#### [PROBLEM REQUIREMENTS]
Some entries follow. Reproduce exactly the lines starting at the one with "Sedán A 250 e #4" and stopping after the one with "Сдам подобово 2".

Short web captions:
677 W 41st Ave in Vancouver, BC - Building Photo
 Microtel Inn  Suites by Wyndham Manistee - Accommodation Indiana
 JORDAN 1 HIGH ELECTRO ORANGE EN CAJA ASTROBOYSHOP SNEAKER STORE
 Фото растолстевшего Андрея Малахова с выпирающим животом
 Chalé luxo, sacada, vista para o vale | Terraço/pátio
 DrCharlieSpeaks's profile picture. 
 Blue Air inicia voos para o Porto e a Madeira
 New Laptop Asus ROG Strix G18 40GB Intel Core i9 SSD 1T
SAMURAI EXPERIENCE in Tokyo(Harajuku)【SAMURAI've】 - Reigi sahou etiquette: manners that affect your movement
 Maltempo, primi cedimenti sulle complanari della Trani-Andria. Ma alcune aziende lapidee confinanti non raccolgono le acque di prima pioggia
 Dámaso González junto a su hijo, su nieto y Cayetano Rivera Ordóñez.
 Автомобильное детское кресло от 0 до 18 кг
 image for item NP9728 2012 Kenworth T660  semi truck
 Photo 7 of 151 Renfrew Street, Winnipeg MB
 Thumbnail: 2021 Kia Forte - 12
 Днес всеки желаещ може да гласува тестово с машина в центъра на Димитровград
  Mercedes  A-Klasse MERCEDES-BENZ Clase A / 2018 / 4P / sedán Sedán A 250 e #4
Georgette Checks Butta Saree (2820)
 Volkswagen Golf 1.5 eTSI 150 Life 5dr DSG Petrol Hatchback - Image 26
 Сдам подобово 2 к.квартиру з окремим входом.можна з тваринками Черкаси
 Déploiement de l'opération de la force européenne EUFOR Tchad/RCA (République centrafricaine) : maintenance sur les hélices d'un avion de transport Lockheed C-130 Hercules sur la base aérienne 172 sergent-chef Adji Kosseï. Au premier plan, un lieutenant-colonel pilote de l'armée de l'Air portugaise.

#### [WRITTEN RESPONSE]
  Mercedes  A-Klasse MERCEDES-BENZ Clase A / 2018 / 4P / sedán Sedán A 250 e #4
Georgette Checks Butta Saree (2820)
 Volkswagen Golf 1.5 eTSI 150 Life 5dr DSG Petrol Hatchback - Image 26
 Сдам подобово 2 к.квартиру з окремим входом.можна з тваринками Черкаси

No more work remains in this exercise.